* _Material provided_:
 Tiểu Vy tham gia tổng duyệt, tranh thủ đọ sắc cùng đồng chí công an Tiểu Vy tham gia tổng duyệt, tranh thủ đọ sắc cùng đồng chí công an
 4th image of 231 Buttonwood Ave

...

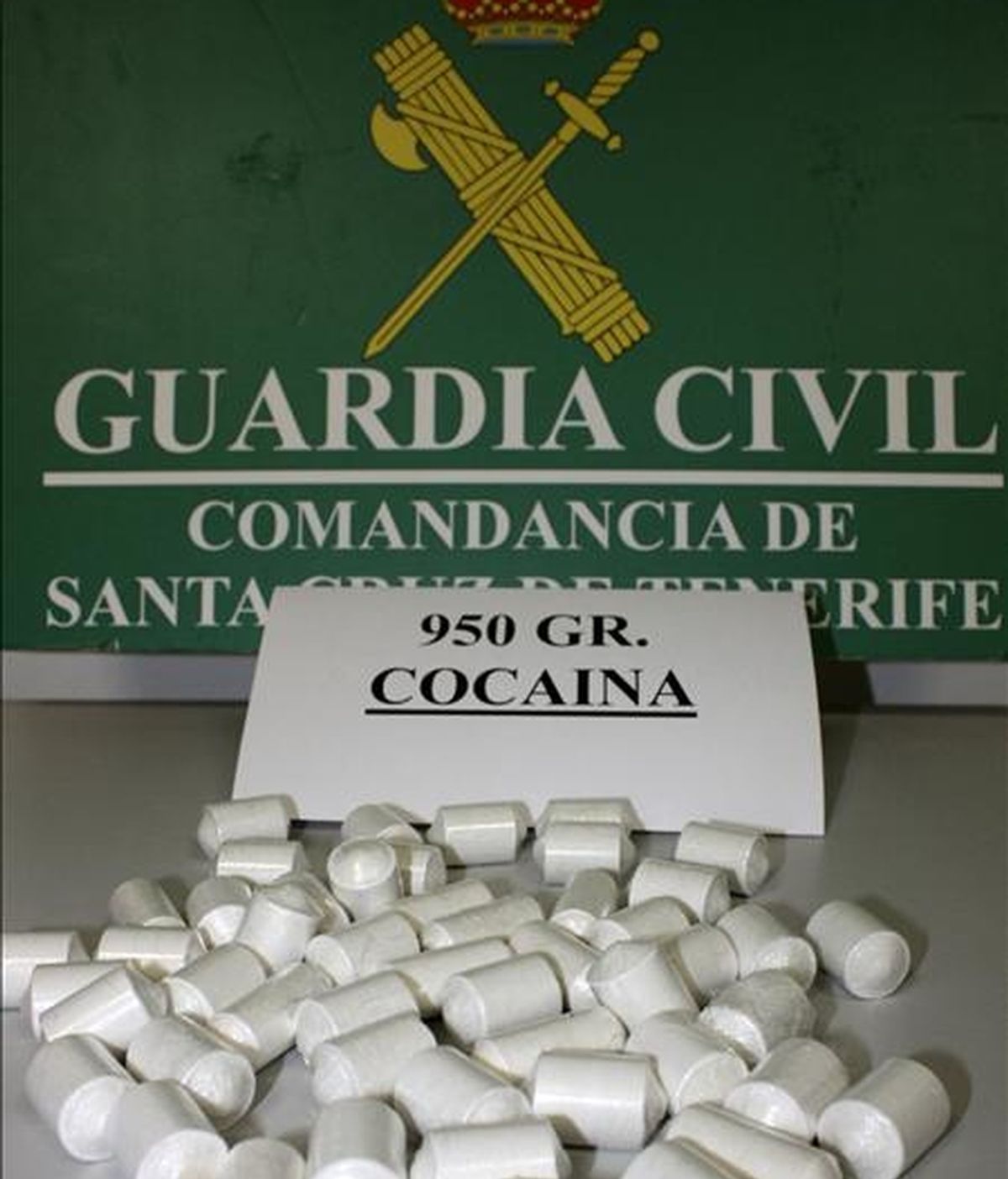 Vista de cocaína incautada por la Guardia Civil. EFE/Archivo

* _Work to complete_: All lines above from the one containing "công an Tiểu" to the one containing "4th image of 231 Buttonwood Ave" must be repeated exactly, both lines included, and no others.

* _Task response_:
 Tiểu Vy tham gia tổng duyệt, tranh thủ đọ sắc cùng đồng chí công an Tiểu Vy tham gia tổng duyệt, tranh thủ đọ sắc cùng đồng chí công an
 4th image of 231 Buttonwood Ave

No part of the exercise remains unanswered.